What is expected — Each line of the listing must be transcribed exactly, except for the images, which should be excluded.

Records provided —
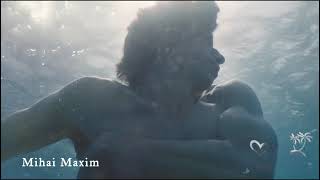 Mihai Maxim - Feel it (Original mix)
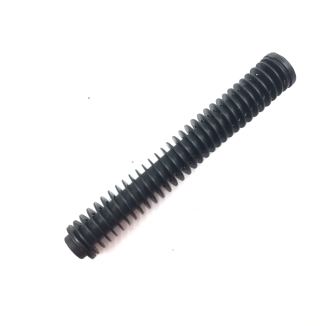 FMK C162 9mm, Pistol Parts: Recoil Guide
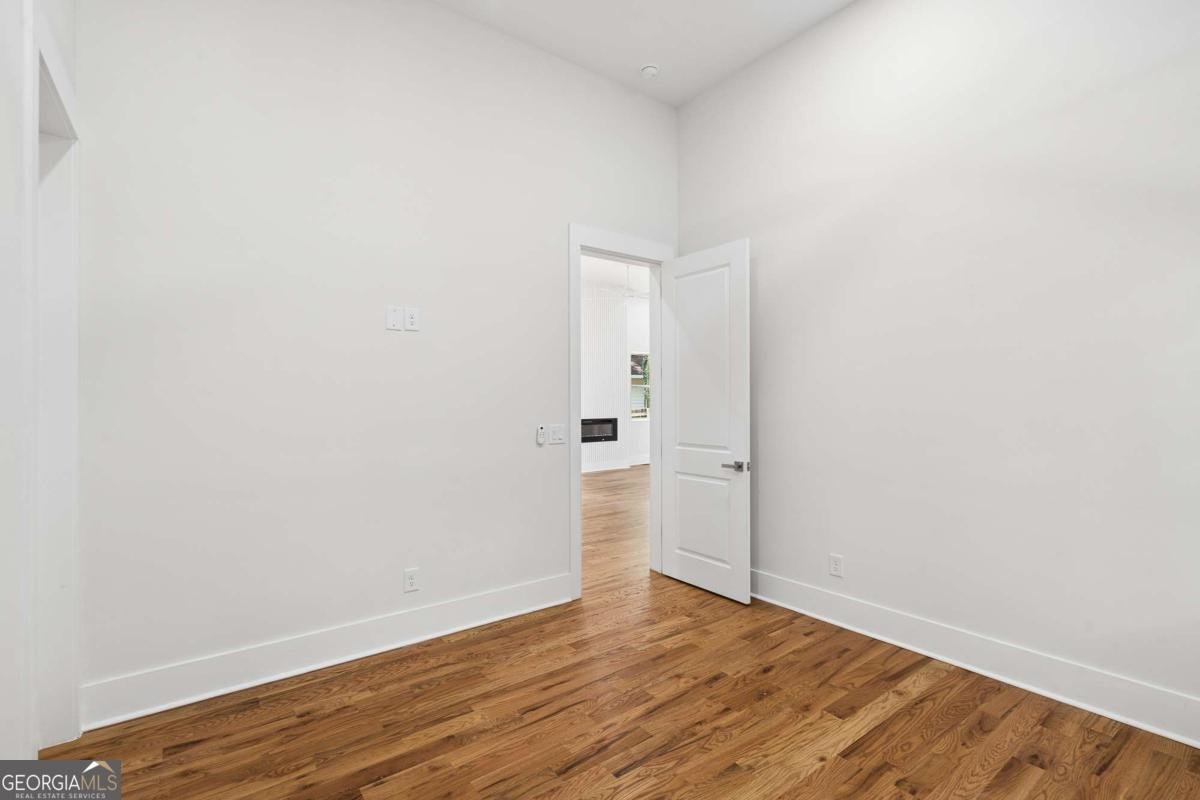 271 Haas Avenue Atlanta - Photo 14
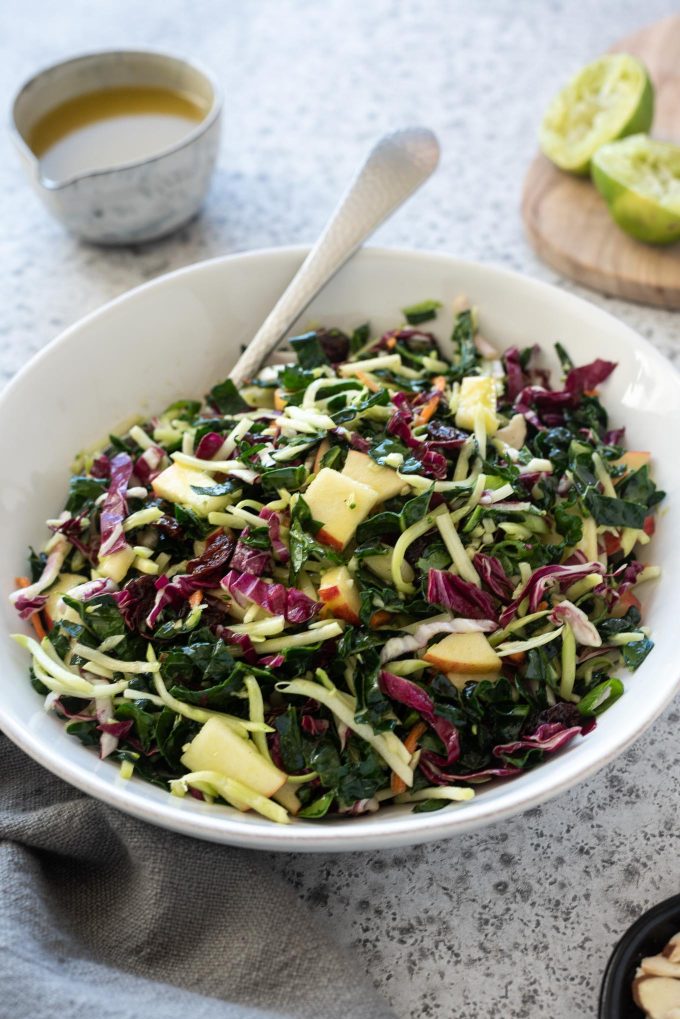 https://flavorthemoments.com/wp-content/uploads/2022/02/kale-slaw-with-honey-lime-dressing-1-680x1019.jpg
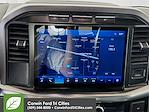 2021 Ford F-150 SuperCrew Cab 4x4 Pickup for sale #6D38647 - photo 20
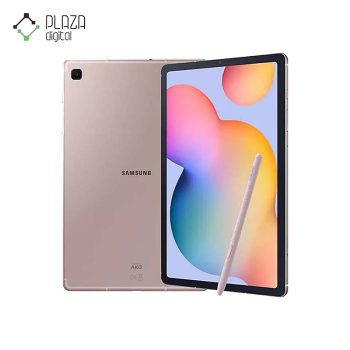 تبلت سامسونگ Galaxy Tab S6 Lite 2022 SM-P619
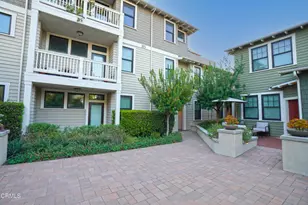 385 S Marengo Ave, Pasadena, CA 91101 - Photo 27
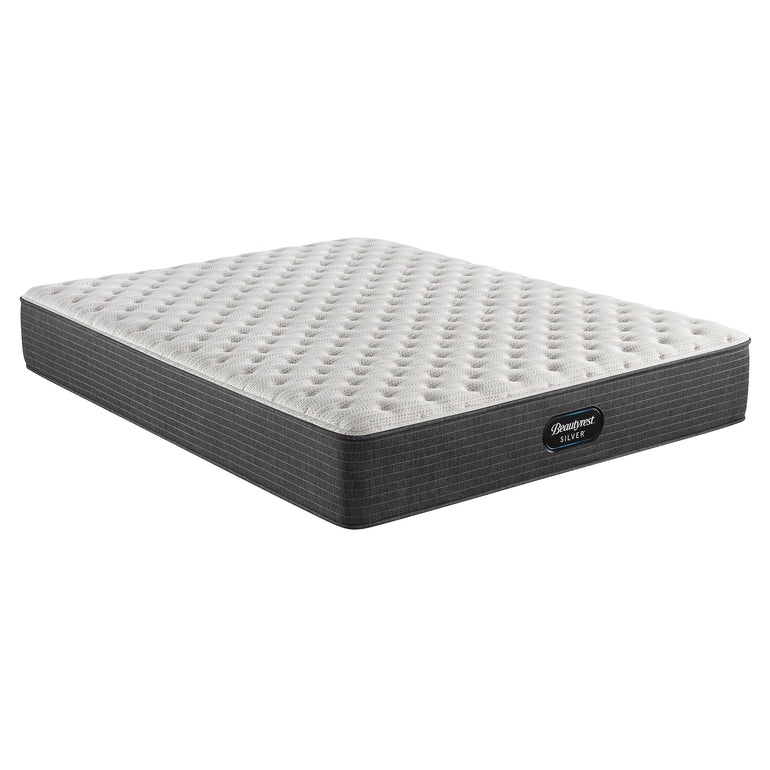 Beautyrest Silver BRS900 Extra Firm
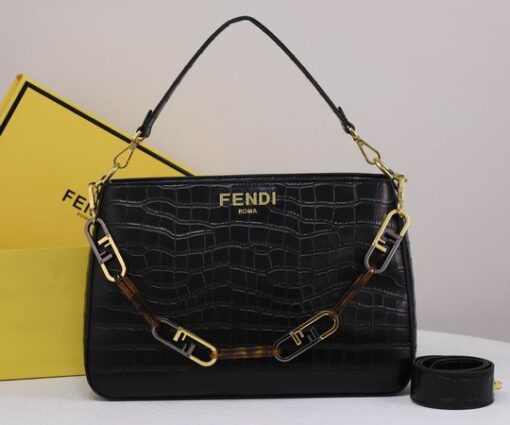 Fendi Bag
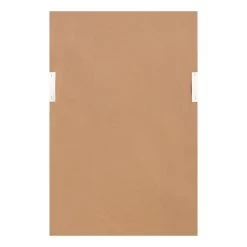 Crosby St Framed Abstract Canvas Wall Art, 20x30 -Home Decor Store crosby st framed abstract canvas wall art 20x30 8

The answer —
 Mihai Maxim - Feel it (Original mix)
 FMK C162 9mm, Pistol Parts: Recoil Guide
 271 Haas Avenue Atlanta - Photo 14
 https://flavorthemoments.com/wp-content/uploads/2022/02/kale-slaw-with-honey-lime-dressing-1-680x1019.jpg
 2021 Ford F-150 SuperCrew Cab 4x4 Pickup for sale #6D38647 - photo 20
 تبلت سامسونگ Galaxy Tab S6 Lite 2022 SM-P619
 385 S Marengo Ave, Pasadena, CA 91101 - Photo 27
 Beautyrest Silver BRS900 Extra Firm
 Fendi Bag
 Crosby St Framed Abstract Canvas Wall Art, 20x30 -Home Decor Store crosby st framed abstract canvas wall art 20x30 8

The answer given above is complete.